Dishoom's Chicken Ruby

Chicken Ruby Recipe (from the Dishoom Cookbook)

Chicken Marinade

Ingredients

  • 75 Greek yogurt
  • 10 grams fresh ginger root
  • 20 grams garlic
  • 5 grams sea salt
  • 1 tsp chilli powder
  • 1 ½ tsp ground cumin
  • ½ tsp garam masala
  • 2 tsp lime juice
  • 2 tsp oil
  • 700 grams boneless skinless chicken thighs

In a bowl, combine Greek yogurt, chopped ginger and garlic, sea salt, chili powder, cumin and garam masala.  Squeeze in some lime juice, and add a bit of oil.  Stir this all together until it is well combined.  Pour the marinade over skinless, boneless chicken thighs, turning them to make sure each is completely covered.  Place the chicken in the fridge and let it marinate for 6-24 hours.

Makhani Sauce

  • 15 grams chopped garlic
  • 20g fresh ginger root
  • 20g additional garlic
  • 175 ml oil
  • 2 bay leaves
  • Cardamom pods (6 green and 2 black if you can find them)
  • 2 cinnamon sticks
  • 800g chopped tomatoes
  • 2 tsp sea salt
  • 1 ½ tsp chilli powder
  • 30g butter
  • 1 tsp garam masala
  • 20g granulated sugar
  • 1 tbsp honey
  • 1 tsp cumin
  • 1 tsp dried and crushed fenugreek leaves
  • ½ frsh dill
  • 80ml double cream plus 50ml more before serving

Toppings

  • Ginger matchsticks
  • Fresh coriander leaves
  • Pomegranate seeds

To make the makhani sauce, you’ll need garlic, ginger, bay leaves, cinnamon sticks, cardamom pods, crushed tomatoes, butter, some spices, honey, and double cream.  See the description below for the exact amounts of each.  

Begin to prepare the sauce by grating your ginger and a few garlic cloves.

Then, you’ll want to chop and fry a few additional garlic cloves.  Add some oil to a pan on medium-high heat, and then add your chopped garlic.  Fry for a few minutes, until lightly golden brown and crispy, but keep an eye on it and be careful not to burn it.

Remove the garlic, then add some bay leaves, cardamom pods and cinnamon sticks.  After about one minute, turn down the heat and add the grated garlic and ginger, being careful not to let it burn.

Next, add the tomatoes, salt and chili powder.  Allow the mixture to simmer for about 30 minutes, until it is reduced by half.

Now, it’s time to add the butter and simmer for another 5 minutes.

Then, add the garam masala, sugar, honey, cumin, crispy garlic and dill.  Let it simmer for another 15 minutes or so and finally, add the double cream. 

Now set that aside while you cook the chicken.  The recipe calls for grilling it, but don’t have a grill pan here so we’re just going to cook it in a pan.  Heat some oil in the pan on medium-high heat, add the chicken and cook it on each side for about 5-7 minutes or until it is almost completely cooked through.

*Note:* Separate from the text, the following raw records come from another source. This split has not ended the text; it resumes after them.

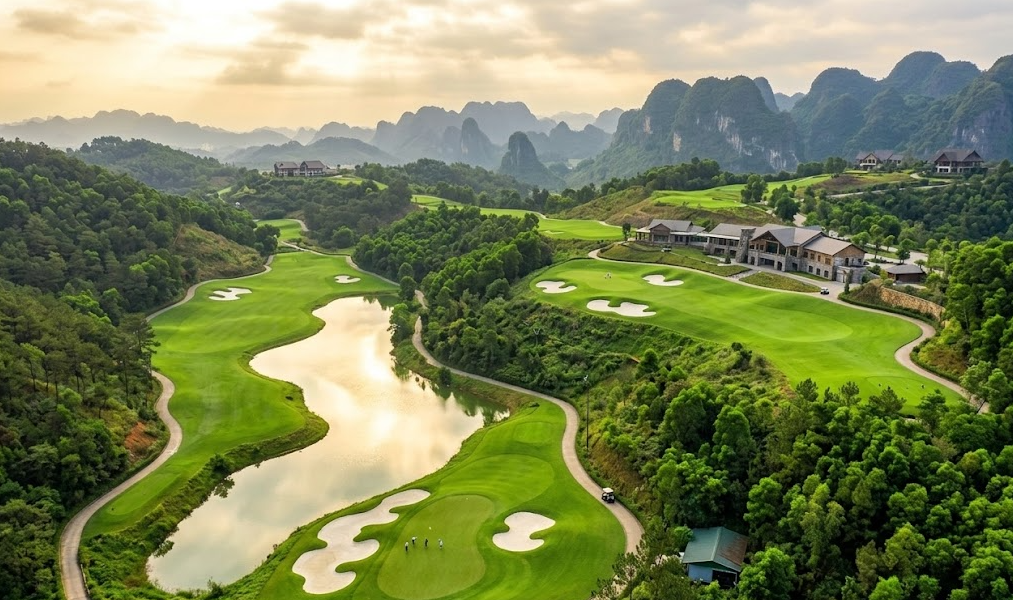 胡志明高爾夫球場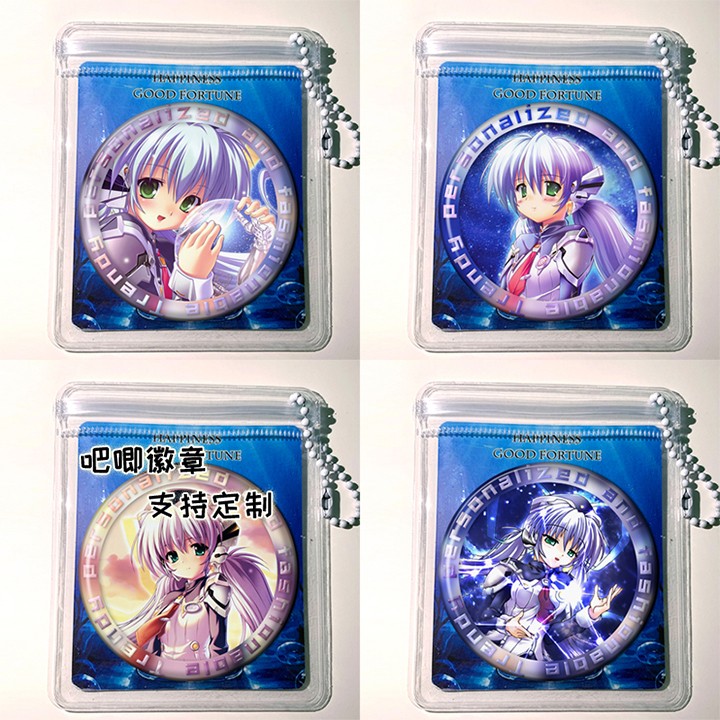 星之梦 星野梦美 周边挂件吧唧徽章镭射谷子胸针定制礼物礼品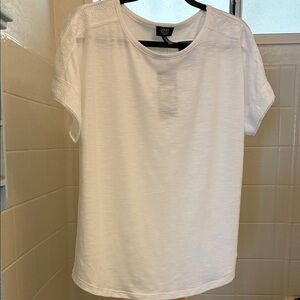 Jones New York Classic White Tee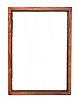 ANTIQUE ROSEWOOD FRAMED MIRROR at Ross's Online Art Auctions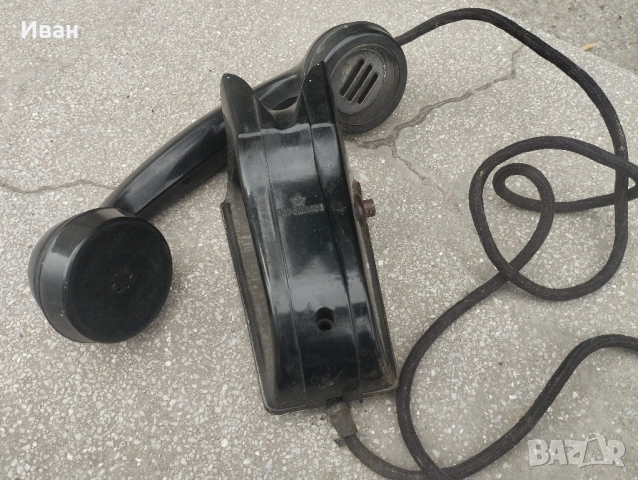 Бакелитов домофон Ворошилов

Then, add the makhani sauce to the pan along with 50ml more double cream.  Allow the sauce and the chicken to simmer together for about 15 minutes until the chicken is completely cooked.

Now, it’s ready to be served!  Top the chicken ruby with some fresh coriander, pomegranate seeds and ginger matchsticks and enjoy!  We like to serve some white rice along with this, which helps to soak up all of the delicious sauce.